Description of problem: When Live migrating an instance from a Hypervisor with more CPUs than the destination the migration fails with error in Nova log: instance: 44ab86db-e529-4a73-8a51-d3a59fdc90c5] Live Migration failure: Invalid value '0-5,12-17' for 'cpuset.cpus': Invalid argument Version-Release number of selected component (if applicable): python-nova-2015.1.0-3.el7ost.noarch libvirt-1.2.8-16.el7_1.2.x86_64 How reproducible: 100% Steps to Reproduce: 1. Set up an environment where one machine has more CPUs than the other 2. Launch an instance on a machine with the most CPUs # nova boot --flavor m1.small --image fedora --nic net-id=8ddecf6b-7dc9-4899-961b- da7ff778f2c8 vm1 3. Verify the host of the instance # nova show <instance id> 4. Live migrate the instance # nova live-migration --block-migrate 523becab-ed4d-413e-8bda-dc1b698bd1e9 5. Verify the instance stays on the source machine # nova show <instance id> 6. Look for errors in /var/log/nova/nova-compute.log Actual results: Migration Fails Expected results: Additional info:
This is a well know issue upstream. There is a blueprint proposed (not approved for Liberty release at this point, but likely to get) to fix this. The fix is (as is described on https://review.openstack.org/#/c/193576/) very invasive and unlikely to be easily backportable. We should probably add a release note for this saying that live migration is not supported for instances with CPU pinning, (in addition we might want to outright disable it). If we decide to disable it - then it makes sense to keep this as a blocker and do it for GA, otherwise we should not block on this, relnote, and clone the bug for the next release of RHOS where it will get properly fixed (upstream in Liberty).
Moving out to A1 as it's not a regression and not a blocker for GA
(In reply to Nikola Dipanov from comment #3) > This is a well know issue upstream. There is a blueprint proposed (not > approved for Liberty release at this point, but likely to get) to fix this. > > The fix is (as is described on https://review.openstack.org/#/c/193576/) > very invasive and unlikely to be easily backportable. > > We should probably add a release note for this saying that live migration is > not supported for instances with CPU pinning, (in addition we might want to > outright disable it). > > If we decide to disable it - then it makes sense to keep this as a blocker > and do it for GA, otherwise we should not block on this, relnote, and clone > the bug for the next release of RHOS where it will get properly fixed > (upstream in Liberty). Based on the above and my understanding that this was not in fact fixed in Liberty I am moving the flags to rhos-9.0, Mitaka. Let me know if my interpretation is incorrect...

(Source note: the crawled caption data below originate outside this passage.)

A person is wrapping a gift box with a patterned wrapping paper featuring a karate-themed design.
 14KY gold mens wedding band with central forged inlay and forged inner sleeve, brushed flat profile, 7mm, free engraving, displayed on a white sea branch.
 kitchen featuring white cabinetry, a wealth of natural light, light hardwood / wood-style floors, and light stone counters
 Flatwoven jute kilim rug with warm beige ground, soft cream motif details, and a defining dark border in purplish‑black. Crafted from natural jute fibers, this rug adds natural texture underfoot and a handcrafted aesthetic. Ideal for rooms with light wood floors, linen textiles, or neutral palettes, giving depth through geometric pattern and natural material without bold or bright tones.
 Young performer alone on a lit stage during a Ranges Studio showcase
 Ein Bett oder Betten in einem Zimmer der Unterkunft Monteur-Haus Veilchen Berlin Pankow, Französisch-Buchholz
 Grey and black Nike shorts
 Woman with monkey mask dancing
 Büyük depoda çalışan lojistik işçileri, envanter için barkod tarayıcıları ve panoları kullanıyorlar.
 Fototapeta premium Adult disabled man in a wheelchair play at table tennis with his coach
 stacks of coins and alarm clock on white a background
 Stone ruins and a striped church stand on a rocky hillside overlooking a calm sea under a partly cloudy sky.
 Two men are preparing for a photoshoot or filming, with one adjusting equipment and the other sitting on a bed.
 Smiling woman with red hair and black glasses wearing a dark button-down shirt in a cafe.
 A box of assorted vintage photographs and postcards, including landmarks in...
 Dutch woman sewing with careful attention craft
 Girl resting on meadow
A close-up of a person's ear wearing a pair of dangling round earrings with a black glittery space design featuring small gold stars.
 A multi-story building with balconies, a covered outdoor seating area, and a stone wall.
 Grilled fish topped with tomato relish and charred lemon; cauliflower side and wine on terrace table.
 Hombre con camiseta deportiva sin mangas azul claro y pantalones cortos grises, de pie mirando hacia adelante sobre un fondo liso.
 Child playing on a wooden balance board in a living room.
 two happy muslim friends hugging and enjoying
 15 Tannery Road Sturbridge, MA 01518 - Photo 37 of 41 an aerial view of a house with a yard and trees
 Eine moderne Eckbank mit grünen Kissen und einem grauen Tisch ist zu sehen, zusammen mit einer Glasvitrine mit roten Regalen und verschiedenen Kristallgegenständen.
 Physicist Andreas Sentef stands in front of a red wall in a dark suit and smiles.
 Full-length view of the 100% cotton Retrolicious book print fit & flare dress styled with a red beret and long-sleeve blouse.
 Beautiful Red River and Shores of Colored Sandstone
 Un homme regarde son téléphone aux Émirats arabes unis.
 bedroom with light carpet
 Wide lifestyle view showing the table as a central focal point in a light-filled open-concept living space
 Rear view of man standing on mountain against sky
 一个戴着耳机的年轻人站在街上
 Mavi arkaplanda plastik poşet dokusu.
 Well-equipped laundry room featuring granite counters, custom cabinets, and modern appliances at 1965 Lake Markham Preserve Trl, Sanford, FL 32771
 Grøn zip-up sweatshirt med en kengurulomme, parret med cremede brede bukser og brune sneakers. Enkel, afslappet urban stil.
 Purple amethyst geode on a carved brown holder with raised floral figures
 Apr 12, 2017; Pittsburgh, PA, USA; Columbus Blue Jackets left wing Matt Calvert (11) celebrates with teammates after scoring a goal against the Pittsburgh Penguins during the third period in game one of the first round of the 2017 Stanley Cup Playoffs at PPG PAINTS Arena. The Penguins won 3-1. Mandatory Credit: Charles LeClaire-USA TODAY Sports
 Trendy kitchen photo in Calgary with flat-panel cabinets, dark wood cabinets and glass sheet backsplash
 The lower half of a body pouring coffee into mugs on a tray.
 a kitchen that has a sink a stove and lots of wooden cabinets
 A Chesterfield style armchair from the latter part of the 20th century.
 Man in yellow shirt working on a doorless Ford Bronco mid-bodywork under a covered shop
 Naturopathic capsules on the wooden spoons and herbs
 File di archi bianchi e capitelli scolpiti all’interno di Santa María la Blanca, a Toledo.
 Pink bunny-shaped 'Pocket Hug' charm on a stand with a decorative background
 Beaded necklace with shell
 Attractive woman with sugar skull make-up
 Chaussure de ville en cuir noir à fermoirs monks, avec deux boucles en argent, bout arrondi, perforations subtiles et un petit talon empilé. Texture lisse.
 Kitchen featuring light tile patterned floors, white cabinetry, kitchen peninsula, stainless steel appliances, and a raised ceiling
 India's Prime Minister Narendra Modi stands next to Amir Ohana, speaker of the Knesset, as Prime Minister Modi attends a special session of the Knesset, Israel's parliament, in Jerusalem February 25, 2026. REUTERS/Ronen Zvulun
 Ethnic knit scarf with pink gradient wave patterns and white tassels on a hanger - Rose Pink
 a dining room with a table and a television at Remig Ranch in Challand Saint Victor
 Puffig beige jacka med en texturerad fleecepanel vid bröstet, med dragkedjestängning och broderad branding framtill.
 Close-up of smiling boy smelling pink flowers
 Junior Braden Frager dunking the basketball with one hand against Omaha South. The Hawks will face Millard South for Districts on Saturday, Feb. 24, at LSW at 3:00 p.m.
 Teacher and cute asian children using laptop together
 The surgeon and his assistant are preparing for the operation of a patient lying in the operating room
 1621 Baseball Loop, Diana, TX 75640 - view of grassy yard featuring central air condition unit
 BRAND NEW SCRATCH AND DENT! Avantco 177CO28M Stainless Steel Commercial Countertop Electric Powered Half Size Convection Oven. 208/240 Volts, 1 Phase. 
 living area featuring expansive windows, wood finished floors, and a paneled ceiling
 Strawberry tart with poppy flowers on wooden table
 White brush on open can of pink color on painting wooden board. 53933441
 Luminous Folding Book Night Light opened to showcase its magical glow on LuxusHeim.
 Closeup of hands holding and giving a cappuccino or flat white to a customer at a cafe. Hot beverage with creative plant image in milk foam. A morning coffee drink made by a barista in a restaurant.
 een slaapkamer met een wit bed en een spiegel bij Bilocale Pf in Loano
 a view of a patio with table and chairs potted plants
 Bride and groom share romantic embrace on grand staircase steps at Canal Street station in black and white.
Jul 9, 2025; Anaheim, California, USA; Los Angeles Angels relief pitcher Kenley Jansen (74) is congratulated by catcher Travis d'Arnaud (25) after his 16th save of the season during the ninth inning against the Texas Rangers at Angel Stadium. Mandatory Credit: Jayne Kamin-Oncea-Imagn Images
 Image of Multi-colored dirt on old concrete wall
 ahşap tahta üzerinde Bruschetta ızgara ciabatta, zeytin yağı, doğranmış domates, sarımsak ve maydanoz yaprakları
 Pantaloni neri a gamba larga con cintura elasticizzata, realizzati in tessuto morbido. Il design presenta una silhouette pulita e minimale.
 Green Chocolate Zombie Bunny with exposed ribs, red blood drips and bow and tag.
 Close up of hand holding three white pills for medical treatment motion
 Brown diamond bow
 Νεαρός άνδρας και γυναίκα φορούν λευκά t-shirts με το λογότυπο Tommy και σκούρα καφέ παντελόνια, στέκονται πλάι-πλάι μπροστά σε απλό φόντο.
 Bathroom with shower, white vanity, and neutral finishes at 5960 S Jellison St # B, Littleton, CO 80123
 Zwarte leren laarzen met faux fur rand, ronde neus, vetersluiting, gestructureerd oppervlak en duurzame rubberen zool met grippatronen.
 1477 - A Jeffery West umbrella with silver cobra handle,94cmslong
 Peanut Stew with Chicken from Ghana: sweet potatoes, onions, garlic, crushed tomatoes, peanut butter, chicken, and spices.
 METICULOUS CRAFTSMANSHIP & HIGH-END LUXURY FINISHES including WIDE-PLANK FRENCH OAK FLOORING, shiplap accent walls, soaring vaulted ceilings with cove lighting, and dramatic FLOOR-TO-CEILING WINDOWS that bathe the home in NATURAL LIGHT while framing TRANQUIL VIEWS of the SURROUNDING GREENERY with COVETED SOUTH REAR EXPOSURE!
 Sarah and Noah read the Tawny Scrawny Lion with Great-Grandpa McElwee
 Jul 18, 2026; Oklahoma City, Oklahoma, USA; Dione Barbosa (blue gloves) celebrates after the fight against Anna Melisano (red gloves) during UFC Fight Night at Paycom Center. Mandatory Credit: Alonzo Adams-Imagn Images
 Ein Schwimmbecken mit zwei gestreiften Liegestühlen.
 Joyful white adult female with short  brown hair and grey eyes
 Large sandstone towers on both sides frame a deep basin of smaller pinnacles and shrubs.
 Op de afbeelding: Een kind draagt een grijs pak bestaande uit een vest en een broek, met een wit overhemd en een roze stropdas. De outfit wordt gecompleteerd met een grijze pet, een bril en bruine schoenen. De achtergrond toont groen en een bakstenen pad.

The patch is well-developed, but dependent on review traction to land.
*** Bug 1319385 has been marked as a duplicate of this bug. ***
Hi Sahid, Is there any chance of this being accepted in the rc-* phase given it's treated as a bug upstream, or should I move this to Pike? Thanks, Steve
(In reply to Stephen Gordon from comment #18) > Hi Sahid, > > Is there any chance of this being accepted in the rc-* phase given it's > treated as a bug upstream, or should I move this to Pike? > > Thanks, > > Steve Nothing is really moving in upstream. I guess you should move it to Pike.
*** Bug 1360970 has been marked as a duplicate of this bug. ***
*** Bug 1559314 has been marked as a duplicate of this bug. ***
*** Bug 1585068 has been marked as a duplicate of this bug. ***
Any estimation on which version this issue will get resolved?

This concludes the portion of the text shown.